Repeat the entries exactly but omit the pictures.
----------
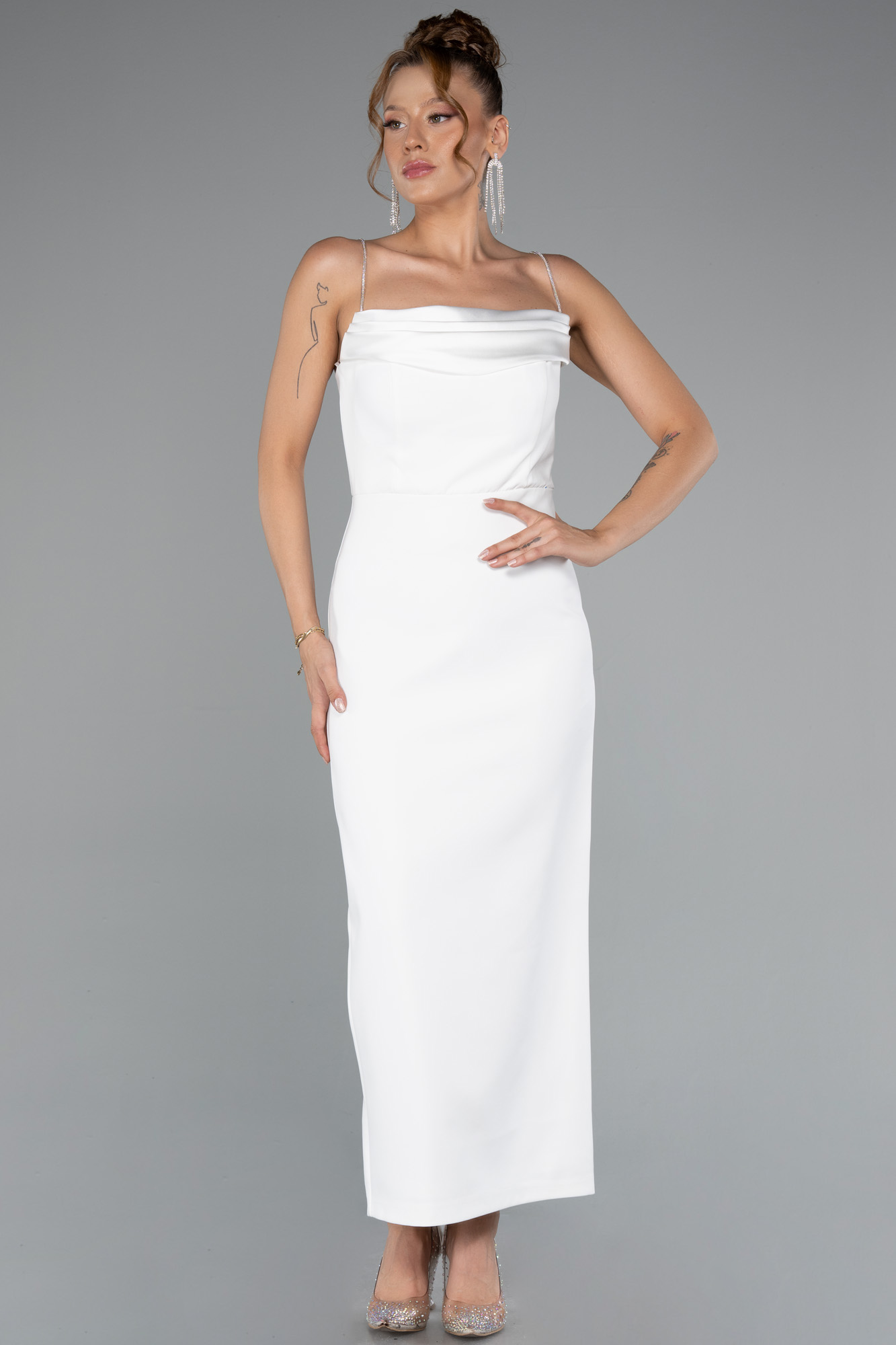 Ekru Askılı Midi Davet Elbisesi ABK2384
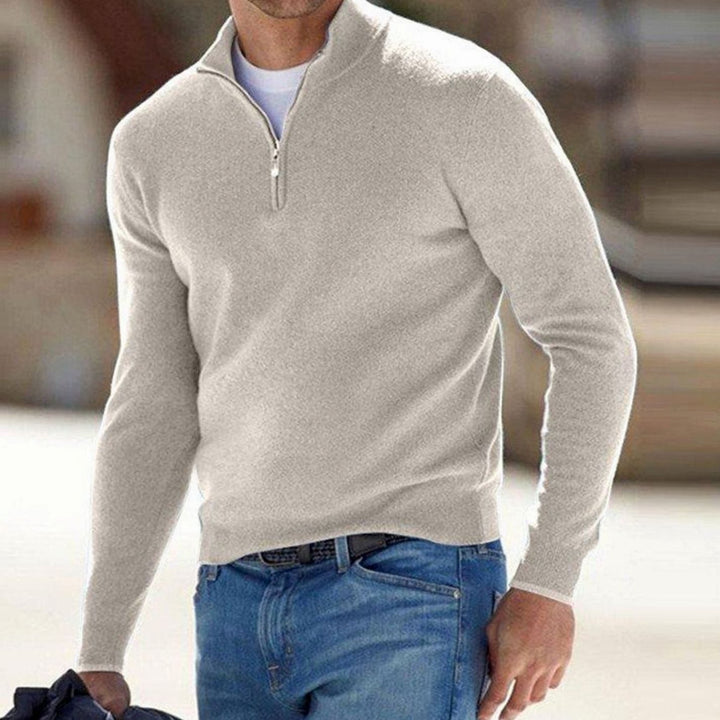 Men's Winter Half-Zip Warm Jumper Knit Pullover Sweater - Beige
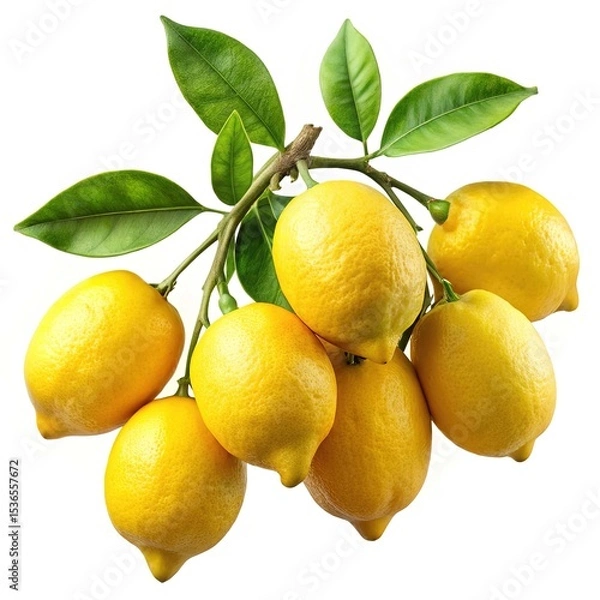 Fototapeta A Vibrant Cluster of Fresh Lemons Still on the Branch with Leaves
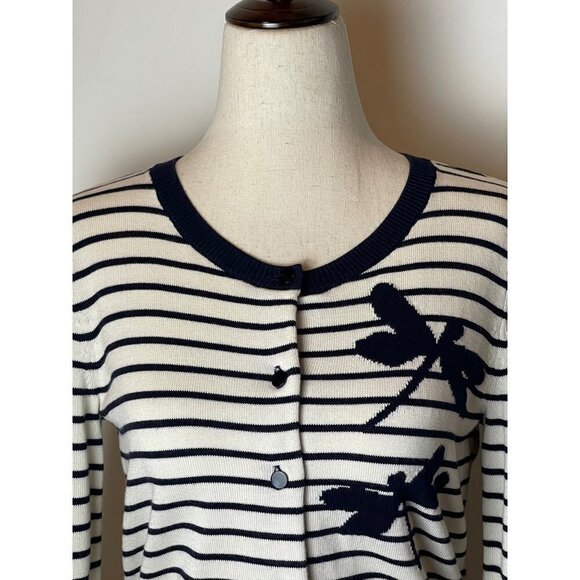 Talbots Navy Blue And White Striped Fairycore Dragonfly Crew Neck Cardigan XS - Picture 4 of 7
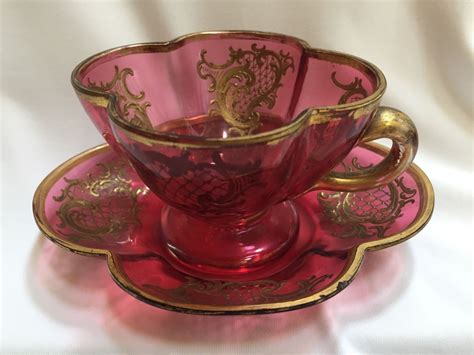 Antique Moser Cranberry Hand Painted Gold Gilt Enamel Glass Cup And Saucer Ebay Glass Tea Cups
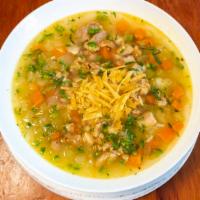 Chicken Tortilla Soup · Chicken, Rice, Carrots, Celery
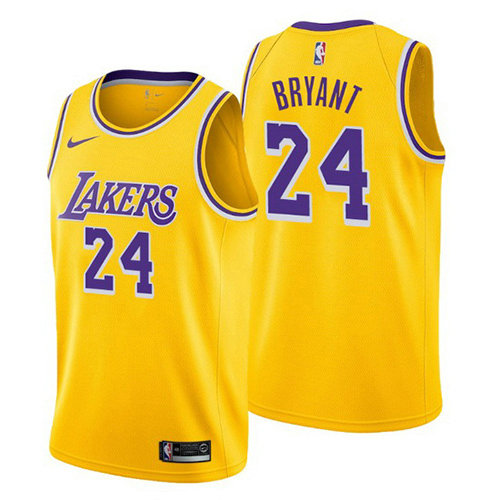Camiseta baloncesto Kobe Bryant 24 Icon 2018-19 Amarillo Los Angeles Lakers Hombre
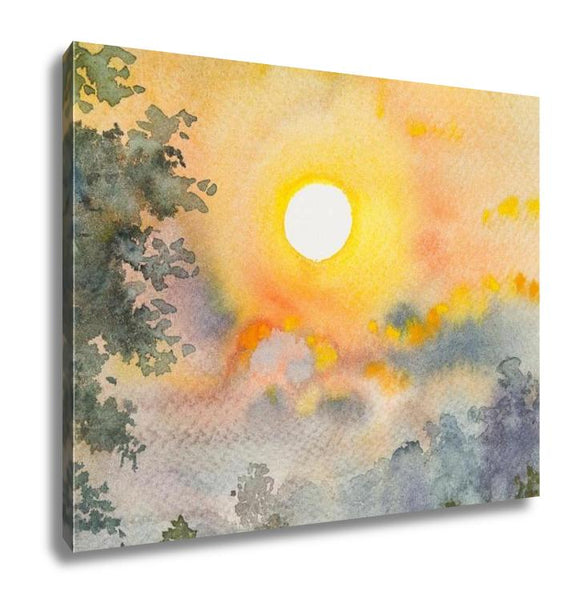 Gallery Wrapped Canvas, Watercolor Original Landscape Painting Yellow Red Color Of Sunshine And Cloud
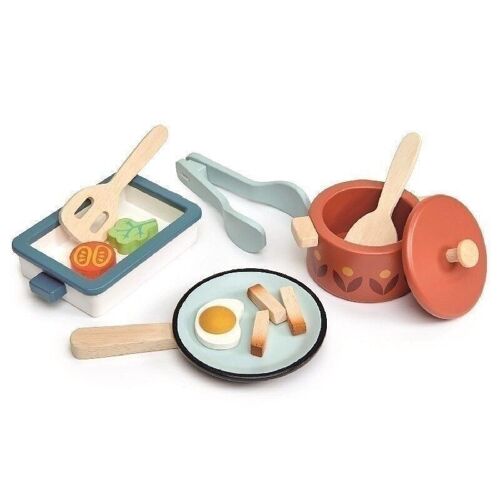 Pots and Pans Tender Leaf Wooden Role Play Cooking Set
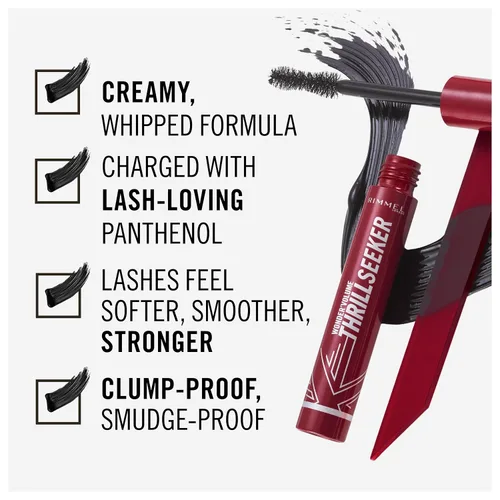 Vista 4 de Rimmel London Wonder'Volume Thrill Seeker, 001 Extreme Black, rímel, volumen audaz, alargamiento, sensación sin peso, no se aglutina, sin manchas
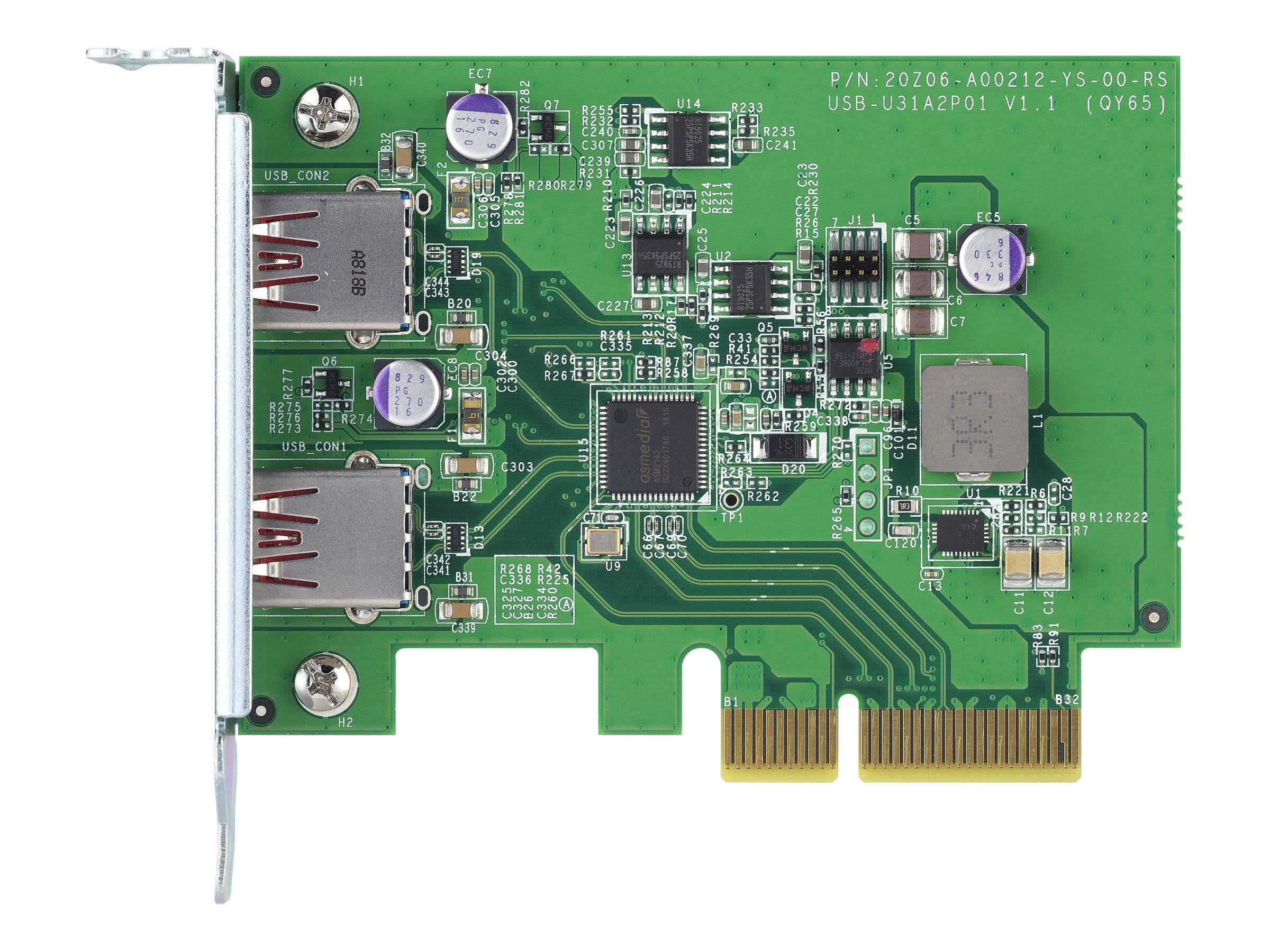 Nahaufnahme einer grünen PCIe-Erweiterungskarte mit zwei USB-Anschlüssen und mehreren Chips, auf weißem Hintergrund dargestellt.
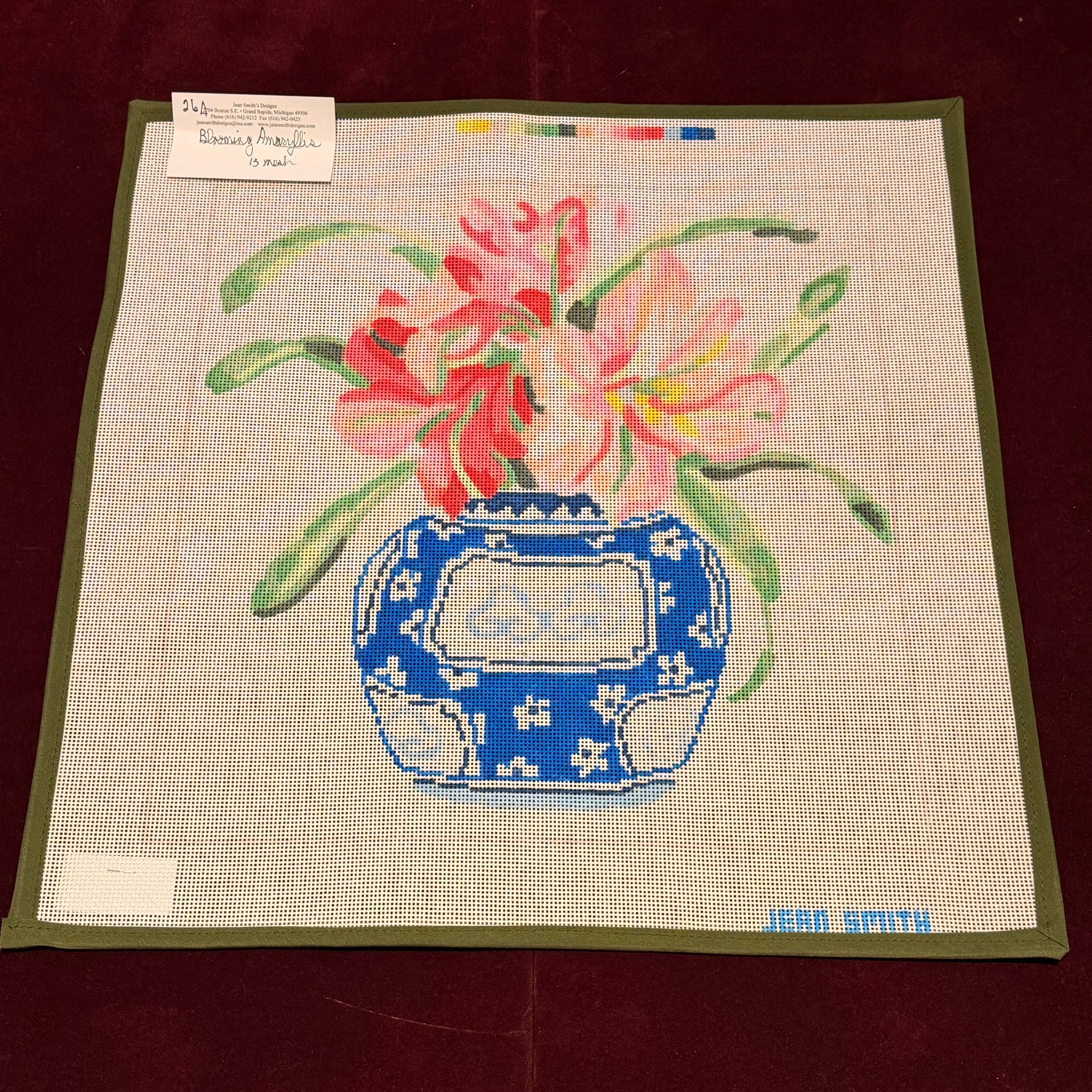 Blooming Amaryllis-Needlepoint Canvas-Jean Smith-The Pepper Pot Barrington, IL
----------
**Response area**
 Ekru Askılı Midi Davet Elbisesi ABK2384
 Men's Winter Half-Zip Warm Jumper Knit Pullover Sweater - Beige
 Fototapeta A Vibrant Cluster of Fresh Lemons Still on the Branch with Leaves
 Talbots Navy Blue And White Striped Fairycore Dragonfly Crew Neck Cardigan XS - Picture 4 of 7
 Antique Moser Cranberry Hand Painted Gold Gilt Enamel Glass Cup And Saucer Ebay Glass Tea Cups
 Chicken Tortilla Soup · Chicken, Rice, Carrots, Celery
Camiseta baloncesto Kobe Bryant 24 Icon 2018-19 Amarillo Los Angeles Lakers Hombre
 Gallery Wrapped Canvas, Watercolor Original Landscape Painting Yellow Red Color Of Sunshine And Cloud
 Pots and Pans Tender Leaf Wooden Role Play Cooking Set
 Vista 4 de Rimmel London Wonder'Volume Thrill Seeker, 001 Extreme Black, rímel, volumen audaz, alargamiento, sensación sin peso, no se aglutina, sin manchas
 Nahaufnahme einer grünen PCIe-Erweiterungskarte mit zwei USB-Anschlüssen und mehreren Chips, auf weißem Hintergrund dargestellt.
 Blooming Amaryllis-Needlepoint Canvas-Jean Smith-The Pepper Pot Barrington, IL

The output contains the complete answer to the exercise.